Input data:

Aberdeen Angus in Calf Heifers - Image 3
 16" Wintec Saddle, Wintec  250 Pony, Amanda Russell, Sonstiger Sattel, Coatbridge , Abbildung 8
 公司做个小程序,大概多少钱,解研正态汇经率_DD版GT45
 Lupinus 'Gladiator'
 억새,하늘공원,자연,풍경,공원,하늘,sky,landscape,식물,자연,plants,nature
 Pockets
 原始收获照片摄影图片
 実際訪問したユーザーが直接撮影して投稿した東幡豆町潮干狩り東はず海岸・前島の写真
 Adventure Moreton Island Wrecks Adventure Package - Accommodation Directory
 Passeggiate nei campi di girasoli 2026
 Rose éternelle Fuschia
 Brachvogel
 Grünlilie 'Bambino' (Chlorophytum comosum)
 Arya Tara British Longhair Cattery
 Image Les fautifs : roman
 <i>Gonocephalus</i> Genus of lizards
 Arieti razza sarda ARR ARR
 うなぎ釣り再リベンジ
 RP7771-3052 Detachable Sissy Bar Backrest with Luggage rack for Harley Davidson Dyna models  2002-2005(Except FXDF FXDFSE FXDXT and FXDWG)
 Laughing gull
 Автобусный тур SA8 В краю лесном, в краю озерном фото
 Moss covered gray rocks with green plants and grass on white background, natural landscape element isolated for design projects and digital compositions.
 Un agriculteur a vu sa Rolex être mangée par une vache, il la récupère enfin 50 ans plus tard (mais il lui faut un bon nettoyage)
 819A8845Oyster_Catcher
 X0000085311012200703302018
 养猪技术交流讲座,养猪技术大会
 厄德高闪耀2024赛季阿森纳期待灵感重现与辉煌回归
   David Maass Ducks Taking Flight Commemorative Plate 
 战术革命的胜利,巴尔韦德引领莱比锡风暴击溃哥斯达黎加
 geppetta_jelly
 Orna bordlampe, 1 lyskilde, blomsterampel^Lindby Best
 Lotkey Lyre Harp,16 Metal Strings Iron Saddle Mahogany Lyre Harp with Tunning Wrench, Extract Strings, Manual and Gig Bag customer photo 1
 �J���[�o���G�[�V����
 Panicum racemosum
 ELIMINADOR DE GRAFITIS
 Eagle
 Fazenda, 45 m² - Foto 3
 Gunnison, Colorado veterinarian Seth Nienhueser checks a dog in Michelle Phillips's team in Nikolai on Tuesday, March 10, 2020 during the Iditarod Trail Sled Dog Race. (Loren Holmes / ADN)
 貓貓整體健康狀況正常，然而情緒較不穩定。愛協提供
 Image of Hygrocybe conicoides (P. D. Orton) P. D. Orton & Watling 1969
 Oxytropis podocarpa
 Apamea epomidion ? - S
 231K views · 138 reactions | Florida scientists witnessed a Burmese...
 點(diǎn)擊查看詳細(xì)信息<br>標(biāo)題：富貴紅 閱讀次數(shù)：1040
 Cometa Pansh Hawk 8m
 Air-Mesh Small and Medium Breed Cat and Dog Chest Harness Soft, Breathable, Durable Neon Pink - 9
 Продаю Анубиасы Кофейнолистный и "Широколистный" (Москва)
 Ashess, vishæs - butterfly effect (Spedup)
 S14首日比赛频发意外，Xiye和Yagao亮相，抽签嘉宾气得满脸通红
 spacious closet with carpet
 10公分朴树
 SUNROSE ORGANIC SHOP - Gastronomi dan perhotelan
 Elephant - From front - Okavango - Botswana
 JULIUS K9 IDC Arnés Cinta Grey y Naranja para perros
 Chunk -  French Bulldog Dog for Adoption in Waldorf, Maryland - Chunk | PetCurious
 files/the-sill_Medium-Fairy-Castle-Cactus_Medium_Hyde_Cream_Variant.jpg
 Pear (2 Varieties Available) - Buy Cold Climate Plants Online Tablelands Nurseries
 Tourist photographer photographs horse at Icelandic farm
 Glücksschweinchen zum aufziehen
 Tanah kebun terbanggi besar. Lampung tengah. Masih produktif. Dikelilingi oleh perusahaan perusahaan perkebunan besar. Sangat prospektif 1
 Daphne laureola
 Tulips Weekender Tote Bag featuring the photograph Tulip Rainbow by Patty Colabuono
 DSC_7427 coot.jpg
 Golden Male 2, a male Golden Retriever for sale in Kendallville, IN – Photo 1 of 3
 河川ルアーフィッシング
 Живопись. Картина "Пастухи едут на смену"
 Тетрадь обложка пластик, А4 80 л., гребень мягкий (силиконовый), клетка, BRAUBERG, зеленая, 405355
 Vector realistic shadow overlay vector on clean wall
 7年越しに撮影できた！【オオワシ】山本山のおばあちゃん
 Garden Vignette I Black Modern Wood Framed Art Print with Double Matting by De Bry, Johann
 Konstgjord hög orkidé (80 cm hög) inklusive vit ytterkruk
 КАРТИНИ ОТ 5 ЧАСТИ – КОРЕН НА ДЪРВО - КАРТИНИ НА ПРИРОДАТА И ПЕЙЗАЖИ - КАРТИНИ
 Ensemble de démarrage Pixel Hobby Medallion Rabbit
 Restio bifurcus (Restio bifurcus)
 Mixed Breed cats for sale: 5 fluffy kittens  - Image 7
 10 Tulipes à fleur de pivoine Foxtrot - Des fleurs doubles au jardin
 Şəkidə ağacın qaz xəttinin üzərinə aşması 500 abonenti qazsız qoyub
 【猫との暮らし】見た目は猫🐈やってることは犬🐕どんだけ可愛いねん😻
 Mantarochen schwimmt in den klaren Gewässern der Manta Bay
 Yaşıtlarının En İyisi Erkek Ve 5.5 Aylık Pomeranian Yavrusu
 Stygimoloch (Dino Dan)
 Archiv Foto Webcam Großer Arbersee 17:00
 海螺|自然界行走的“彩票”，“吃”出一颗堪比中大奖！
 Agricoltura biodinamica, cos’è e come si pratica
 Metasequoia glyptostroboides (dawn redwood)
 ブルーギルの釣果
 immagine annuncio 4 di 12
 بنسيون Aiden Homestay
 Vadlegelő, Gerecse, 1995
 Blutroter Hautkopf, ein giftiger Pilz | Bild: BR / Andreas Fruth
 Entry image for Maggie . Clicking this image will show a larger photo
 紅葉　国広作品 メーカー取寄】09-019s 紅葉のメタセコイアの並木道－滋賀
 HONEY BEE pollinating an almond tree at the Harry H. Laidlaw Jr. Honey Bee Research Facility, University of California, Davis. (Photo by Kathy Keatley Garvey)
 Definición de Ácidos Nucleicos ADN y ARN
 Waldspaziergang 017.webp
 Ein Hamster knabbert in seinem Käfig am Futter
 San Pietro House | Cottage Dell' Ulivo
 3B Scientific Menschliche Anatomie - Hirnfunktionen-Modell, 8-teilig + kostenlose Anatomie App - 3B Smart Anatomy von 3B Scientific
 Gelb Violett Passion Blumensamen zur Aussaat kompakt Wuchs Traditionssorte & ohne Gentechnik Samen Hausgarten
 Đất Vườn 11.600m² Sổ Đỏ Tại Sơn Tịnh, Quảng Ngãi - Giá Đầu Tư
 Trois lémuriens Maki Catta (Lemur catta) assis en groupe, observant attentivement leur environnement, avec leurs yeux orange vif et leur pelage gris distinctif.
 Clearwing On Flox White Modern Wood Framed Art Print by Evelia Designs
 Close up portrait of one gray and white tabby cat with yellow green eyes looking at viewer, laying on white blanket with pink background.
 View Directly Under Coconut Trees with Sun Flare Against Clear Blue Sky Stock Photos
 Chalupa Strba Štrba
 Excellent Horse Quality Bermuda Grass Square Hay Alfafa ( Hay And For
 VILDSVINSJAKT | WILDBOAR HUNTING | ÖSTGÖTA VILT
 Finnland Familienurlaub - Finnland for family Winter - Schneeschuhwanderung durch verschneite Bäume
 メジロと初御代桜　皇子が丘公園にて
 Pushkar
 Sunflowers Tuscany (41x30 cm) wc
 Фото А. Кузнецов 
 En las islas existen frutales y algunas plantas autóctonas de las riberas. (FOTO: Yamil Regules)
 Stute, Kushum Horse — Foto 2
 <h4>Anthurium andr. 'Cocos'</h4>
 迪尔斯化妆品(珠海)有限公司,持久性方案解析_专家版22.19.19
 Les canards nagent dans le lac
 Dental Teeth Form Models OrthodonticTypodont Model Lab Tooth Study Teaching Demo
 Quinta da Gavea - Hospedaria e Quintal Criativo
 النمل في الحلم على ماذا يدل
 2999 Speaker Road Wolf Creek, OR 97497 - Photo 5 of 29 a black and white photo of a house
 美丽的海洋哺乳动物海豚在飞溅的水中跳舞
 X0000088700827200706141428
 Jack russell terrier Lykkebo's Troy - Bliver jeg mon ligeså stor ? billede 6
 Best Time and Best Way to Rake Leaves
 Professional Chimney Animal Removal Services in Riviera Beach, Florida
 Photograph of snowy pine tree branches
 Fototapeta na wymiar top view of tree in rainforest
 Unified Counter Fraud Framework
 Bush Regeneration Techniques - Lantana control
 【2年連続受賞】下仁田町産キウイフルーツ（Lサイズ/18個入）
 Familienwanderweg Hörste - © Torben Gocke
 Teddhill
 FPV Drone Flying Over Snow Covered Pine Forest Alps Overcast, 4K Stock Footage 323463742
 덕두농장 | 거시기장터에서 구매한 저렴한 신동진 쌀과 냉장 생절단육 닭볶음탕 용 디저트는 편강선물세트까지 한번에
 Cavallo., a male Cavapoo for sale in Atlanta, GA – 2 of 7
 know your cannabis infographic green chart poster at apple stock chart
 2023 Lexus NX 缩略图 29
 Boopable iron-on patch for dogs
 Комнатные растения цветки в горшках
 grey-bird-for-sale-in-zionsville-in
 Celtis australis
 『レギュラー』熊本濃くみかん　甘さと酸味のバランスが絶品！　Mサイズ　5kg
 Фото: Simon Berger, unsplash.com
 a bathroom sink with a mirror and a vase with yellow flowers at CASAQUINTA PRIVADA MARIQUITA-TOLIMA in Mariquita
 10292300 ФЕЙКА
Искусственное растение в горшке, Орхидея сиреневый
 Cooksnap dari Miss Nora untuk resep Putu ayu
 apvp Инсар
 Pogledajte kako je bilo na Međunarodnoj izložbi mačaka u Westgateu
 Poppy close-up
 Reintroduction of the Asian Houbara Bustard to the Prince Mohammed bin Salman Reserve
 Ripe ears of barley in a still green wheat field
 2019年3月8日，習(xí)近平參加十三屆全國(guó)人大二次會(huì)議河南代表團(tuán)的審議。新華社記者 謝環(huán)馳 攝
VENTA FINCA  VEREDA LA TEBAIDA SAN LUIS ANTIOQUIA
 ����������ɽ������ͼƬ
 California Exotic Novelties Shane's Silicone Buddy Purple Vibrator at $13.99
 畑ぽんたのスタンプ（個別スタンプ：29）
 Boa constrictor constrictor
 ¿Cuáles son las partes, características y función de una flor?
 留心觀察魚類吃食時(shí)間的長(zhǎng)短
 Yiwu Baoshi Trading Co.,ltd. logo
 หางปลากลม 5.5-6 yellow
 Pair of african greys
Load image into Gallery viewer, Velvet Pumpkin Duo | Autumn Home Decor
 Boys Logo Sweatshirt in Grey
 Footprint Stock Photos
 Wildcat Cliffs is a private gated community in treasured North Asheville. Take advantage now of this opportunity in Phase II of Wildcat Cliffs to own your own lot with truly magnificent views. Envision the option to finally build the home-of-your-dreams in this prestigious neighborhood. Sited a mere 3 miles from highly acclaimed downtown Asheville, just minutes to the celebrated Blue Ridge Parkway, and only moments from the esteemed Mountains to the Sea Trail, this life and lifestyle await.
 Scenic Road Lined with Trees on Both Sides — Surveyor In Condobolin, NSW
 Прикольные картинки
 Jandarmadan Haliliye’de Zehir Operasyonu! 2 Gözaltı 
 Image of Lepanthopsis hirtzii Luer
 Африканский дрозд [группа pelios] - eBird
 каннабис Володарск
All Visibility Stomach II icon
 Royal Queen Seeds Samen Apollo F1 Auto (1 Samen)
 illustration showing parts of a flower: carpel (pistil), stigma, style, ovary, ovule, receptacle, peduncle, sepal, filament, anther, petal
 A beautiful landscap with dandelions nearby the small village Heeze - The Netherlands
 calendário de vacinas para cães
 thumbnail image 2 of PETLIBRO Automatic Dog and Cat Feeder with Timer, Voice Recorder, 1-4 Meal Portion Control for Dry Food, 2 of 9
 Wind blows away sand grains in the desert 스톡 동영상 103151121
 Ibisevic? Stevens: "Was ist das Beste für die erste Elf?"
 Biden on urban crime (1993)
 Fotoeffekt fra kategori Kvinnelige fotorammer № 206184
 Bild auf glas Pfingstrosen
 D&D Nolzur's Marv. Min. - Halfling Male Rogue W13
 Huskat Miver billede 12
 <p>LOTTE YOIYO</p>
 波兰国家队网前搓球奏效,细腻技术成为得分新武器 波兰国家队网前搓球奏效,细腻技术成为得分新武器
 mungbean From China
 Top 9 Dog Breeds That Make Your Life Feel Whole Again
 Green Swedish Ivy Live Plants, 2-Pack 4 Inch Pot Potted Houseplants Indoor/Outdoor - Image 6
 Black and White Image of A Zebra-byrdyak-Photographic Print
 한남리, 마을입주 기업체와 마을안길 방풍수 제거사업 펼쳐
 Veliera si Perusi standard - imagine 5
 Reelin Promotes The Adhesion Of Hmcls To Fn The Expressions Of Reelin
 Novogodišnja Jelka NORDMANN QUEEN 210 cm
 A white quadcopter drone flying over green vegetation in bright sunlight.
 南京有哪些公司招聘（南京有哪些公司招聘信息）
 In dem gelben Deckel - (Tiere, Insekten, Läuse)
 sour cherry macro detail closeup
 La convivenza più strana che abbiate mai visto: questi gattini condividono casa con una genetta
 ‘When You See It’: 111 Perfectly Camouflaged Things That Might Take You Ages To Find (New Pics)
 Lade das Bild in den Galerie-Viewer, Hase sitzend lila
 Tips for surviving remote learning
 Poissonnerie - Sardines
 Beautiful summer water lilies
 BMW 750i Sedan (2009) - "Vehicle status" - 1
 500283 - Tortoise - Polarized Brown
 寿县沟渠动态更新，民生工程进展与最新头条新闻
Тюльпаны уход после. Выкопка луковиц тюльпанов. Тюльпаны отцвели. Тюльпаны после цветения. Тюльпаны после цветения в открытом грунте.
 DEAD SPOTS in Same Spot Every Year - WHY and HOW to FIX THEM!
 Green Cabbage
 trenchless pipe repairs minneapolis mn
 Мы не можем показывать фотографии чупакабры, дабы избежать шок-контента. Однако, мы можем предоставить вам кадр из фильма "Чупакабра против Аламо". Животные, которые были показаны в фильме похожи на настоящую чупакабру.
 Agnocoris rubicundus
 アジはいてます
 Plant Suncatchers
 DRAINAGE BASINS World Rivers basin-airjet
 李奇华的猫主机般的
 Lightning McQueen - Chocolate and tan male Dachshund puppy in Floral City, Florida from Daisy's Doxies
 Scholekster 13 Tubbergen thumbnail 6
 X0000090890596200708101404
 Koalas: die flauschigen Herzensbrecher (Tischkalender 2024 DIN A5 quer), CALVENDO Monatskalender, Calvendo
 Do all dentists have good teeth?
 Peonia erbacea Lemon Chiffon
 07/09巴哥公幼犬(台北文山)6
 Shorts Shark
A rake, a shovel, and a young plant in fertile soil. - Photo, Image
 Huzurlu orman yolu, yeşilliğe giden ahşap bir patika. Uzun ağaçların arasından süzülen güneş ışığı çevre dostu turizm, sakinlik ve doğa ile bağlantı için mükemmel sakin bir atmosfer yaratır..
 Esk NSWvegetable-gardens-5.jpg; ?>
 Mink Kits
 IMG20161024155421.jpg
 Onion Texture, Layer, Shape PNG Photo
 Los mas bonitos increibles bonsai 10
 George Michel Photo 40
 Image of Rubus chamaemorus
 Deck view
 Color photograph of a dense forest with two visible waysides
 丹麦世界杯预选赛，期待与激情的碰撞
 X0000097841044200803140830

What the exercise asks: Please return only the lines above, starting at the line that has "波兰国家队网前搓球奏效,细腻技术成为得分新武器 波兰国家" and ending at the line that has "X0000090890596200708101404", keeping both and leaving each one unchanged.

Response area:
 波兰国家队网前搓球奏效,细腻技术成为得分新武器 波兰国家队网前搓球奏效,细腻技术成为得分新武器
 mungbean From China
 Top 9 Dog Breeds That Make Your Life Feel Whole Again
 Green Swedish Ivy Live Plants, 2-Pack 4 Inch Pot Potted Houseplants Indoor/Outdoor - Image 6
 Black and White Image of A Zebra-byrdyak-Photographic Print
 한남리, 마을입주 기업체와 마을안길 방풍수 제거사업 펼쳐
 Veliera si Perusi standard - imagine 5
 Reelin Promotes The Adhesion Of Hmcls To Fn The Expressions Of Reelin
 Novogodišnja Jelka NORDMANN QUEEN 210 cm
 A white quadcopter drone flying over green vegetation in bright sunlight.
 南京有哪些公司招聘（南京有哪些公司招聘信息）
 In dem gelben Deckel - (Tiere, Insekten, Läuse)
 sour cherry macro detail closeup
 La convivenza più strana che abbiate mai visto: questi gattini condividono casa con una genetta
 ‘When You See It’: 111 Perfectly Camouflaged Things That Might Take You Ages To Find (New Pics)
 Lade das Bild in den Galerie-Viewer, Hase sitzend lila
 Tips for surviving remote learning
 Poissonnerie - Sardines
 Beautiful summer water lilies
 BMW 750i Sedan (2009) - "Vehicle status" - 1
 500283 - Tortoise - Polarized Brown
 寿县沟渠动态更新，民生工程进展与最新头条新闻
Тюльпаны уход после. Выкопка луковиц тюльпанов. Тюльпаны отцвели. Тюльпаны после цветения. Тюльпаны после цветения в открытом грунте.
 DEAD SPOTS in Same Spot Every Year - WHY and HOW to FIX THEM!
 Green Cabbage
 trenchless pipe repairs minneapolis mn
 Мы не можем показывать фотографии чупакабры, дабы избежать шок-контента. Однако, мы можем предоставить вам кадр из фильма "Чупакабра против Аламо". Животные, которые были показаны в фильме похожи на настоящую чупакабру.
 Agnocoris rubicundus
 アジはいてます
 Plant Suncatchers
 DRAINAGE BASINS World Rivers basin-airjet
 李奇华的猫主机般的
 Lightning McQueen - Chocolate and tan male Dachshund puppy in Floral City, Florida from Daisy's Doxies
 Scholekster 13 Tubbergen thumbnail 6
 X0000090890596200708101404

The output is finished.